#!/bin/bash
#
# RULER NIAH Parallel Test Script
#
# Runs RULER NIAH benchmark across multiple GPUs in parallel.
# Each sample is tested independently (separate Python process per sample).
#
# Usage:
#   ./tests/test_ruler_niah.sh [OPTIONS]
#
# Options:
#   --gpus "0,1,2,3"     GPUs to use (default: "0,1,2,3")
#   --total N            Total samples to test (default: 100)
#   --model PATH         Model path (default: ~/models/Llama-3.1-8B-Instruct)
#   --output FILE        Output log file (default: /tmp/ruler_niah_results.log)
#

# Note: Removed 'set -e' because ((var++)) returns 1 when var=0, which triggers exit

# Default configuration
GPUS="0,1,2,3"
TOTAL_SAMPLES=100
MODEL_PATH="$HOME/models/Llama-3.1-8B-Instruct"
OUTPUT_LOG="/tmp/ruler_niah_results.log"
SCRIPT_DIR="$(cd "$(dirname "${BASH_SOURCE[0]}")" && pwd)"
PROJECT_ROOT="$(dirname "$SCRIPT_DIR")"

# Parse arguments
while [[ $# -gt 0 ]]; do
    case $1 in
        --gpus)
            GPUS="$2"
            shift 2
            ;;
        --total)
            TOTAL_SAMPLES="$2"
            shift 2
            ;;
        --model)
            MODEL_PATH="$2"
            shift 2
            ;;
        --output)
            OUTPUT_LOG="$2"
            shift 2
            ;;
        *)
            echo "Unknown option: $1"
            exit 1
            ;;
    esac
done

# Convert GPU string to array
IFS=',' read -ra GPU_ARRAY <<< "$GPUS"
NUM_GPUS=${#GPU_ARRAY[@]}

echo "============================================================"
echo "RULER NIAH Parallel Test"
echo "============================================================"
echo "GPUs: ${GPUS} (${NUM_GPUS} GPUs)"
echo "Total samples: ${TOTAL_SAMPLES}"
echo "Model: ${MODEL_PATH}"
echo "Output log: ${OUTPUT_LOG}"
echo "Project root: ${PROJECT_ROOT}"
echo "============================================================"
echo ""

# Create output directory
mkdir -p "$(dirname "$OUTPUT_LOG")"

# Initialize result tracking
RESULT_DIR="/tmp/ruler_niah_results_$$"
mkdir -p "$RESULT_DIR"

# Function to run a single sample on a specific GPU
run_sample() {
    local gpu=$1
    local sample_idx=$2
    local result_file="$RESULT_DIR/sample_${sample_idx}.result"

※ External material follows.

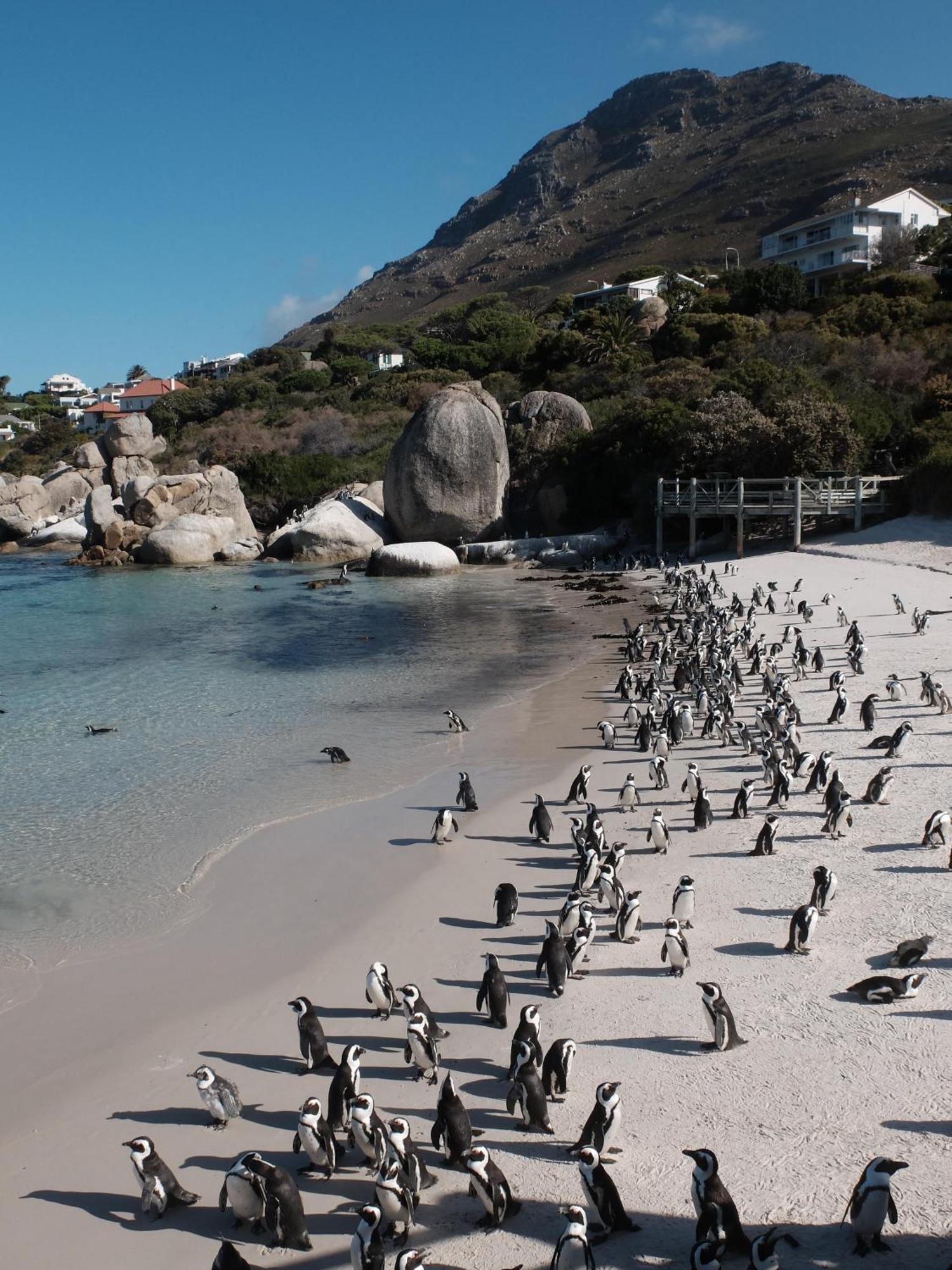 Penguin Haven . Luxury 2 Bedroom, Boulders Beach. Cape Town Bagian luar foto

    # Run test with unique port based on GPU
    local port=$((2333 + gpu))

    NANOVLLM_DIST_PORT=$port \
    CUDA_VISIBLE_DEVICES=$gpu \
    PYTHONPATH="$PROJECT_ROOT:$PYTHONPATH" \
    python "$SCRIPT_DIR/test_ruler_niah.py" \
        --model "$MODEL_PATH" \
        --enable-offload \
        --sample-indices "$sample_idx" \
        --quiet \
        2>&1

    local exit_code=$?
    if [ $exit_code -eq 0 ]; then
        echo "PASS" > "$result_file"
    else
        echo "FAIL" > "$result_file"
    fi

    return $exit_code
}

# Function to run samples on a specific GPU
run_gpu_worker() {
    local gpu=$1
    local gpu_idx=$2
    local log_file="$RESULT_DIR/gpu_${gpu}.log"

    echo "[GPU $gpu] Starting worker (gpu_idx=$gpu_idx)" | tee -a "$log_file"

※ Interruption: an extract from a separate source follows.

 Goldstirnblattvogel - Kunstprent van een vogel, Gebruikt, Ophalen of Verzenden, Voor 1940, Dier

    # Calculate which samples this GPU handles
    local sample_idx=$gpu_idx
    local pass_count=0
    local fail_count=0

    while [ $sample_idx -lt $TOTAL_SAMPLES ]; do
        echo "[GPU $gpu] Testing sample $sample_idx..." | tee -a "$log_file"

        local start_time=$(date +%s)

        if run_sample $gpu $sample_idx >> "$log_file" 2>&1; then
            echo "[GPU $gpu] Sample $sample_idx: PASS" | tee -a "$log_file"
            ((pass_count++))
        else
            echo "[GPU $gpu] Sample $sample_idx: FAIL" | tee -a "$log_file"
            ((fail_count++))
        fi

        local end_time=$(date +%s)
        local duration=$((end_time - start_time))
        echo "[GPU $gpu] Sample $sample_idx completed in ${duration}s" | tee -a "$log_file"

        # Move to next sample for this GPU (stride by number of GPUs)
        sample_idx=$((sample_idx + NUM_GPUS))

        # Small delay to avoid port conflicts
        sleep 2
    done

    echo "[GPU $gpu] Worker finished: $pass_count passed, $fail_count failed" | tee -a "$log_file"
    echo "$pass_count $fail_count" > "$RESULT_DIR/gpu_${gpu}.summary"
}

# Start time
START_TIME=$(date +%s)
echo "Starting parallel test at $(date '+%Y-%m-%d %H:%M:%S')"
echo ""

# Launch workers for each GPU in background
PIDS=()
for i in "${!GPU_ARRAY[@]}"; do
    gpu=${GPU_ARRAY[$i]}
    echo "Launching worker on GPU $gpu..."
    run_gpu_worker $gpu $i &
    PIDS+=($!)
done

echo ""
echo "All workers launched. Waiting for completion..."
echo "Monitor progress with: tail -f $RESULT_DIR/gpu_*.log"
echo ""

# Wait for all workers to complete
for pid in "${PIDS[@]}"; do
    wait $pid
done

# End time
END_TIME=$(date +%s)
DURATION=$((END_TIME - START_TIME))

echo ""
echo "============================================================"
echo "FINAL RESULTS"
echo "============================================================"

# Aggregate results
TOTAL_PASS=0
TOTAL_FAIL=0

for gpu in "${GPU_ARRAY[@]}"; do
    if [ -f "$RESULT_DIR/gpu_${gpu}.summary" ]; then
        read pass fail < "$RESULT_DIR/gpu_${gpu}.summary"
        TOTAL_PASS=$((TOTAL_PASS + pass))
        TOTAL_FAIL=$((TOTAL_FAIL + fail))
        echo "GPU $gpu: $pass passed, $fail failed"
    fi
done

TOTAL_TESTED=$((TOTAL_PASS + TOTAL_FAIL))
if [ $TOTAL_TESTED -gt 0 ]; then
    ACCURACY=$(echo "scale=1; $TOTAL_PASS * 100 / $TOTAL_TESTED" | bc)
else
    ACCURACY="0.0"
fi

echo ""
echo "------------------------------------------------------------"
echo "Total: $TOTAL_PASS/$TOTAL_TESTED passed ($ACCURACY%)"
echo "Duration: ${DURATION}s ($(echo "scale=1; $DURATION / 60" | bc) minutes)"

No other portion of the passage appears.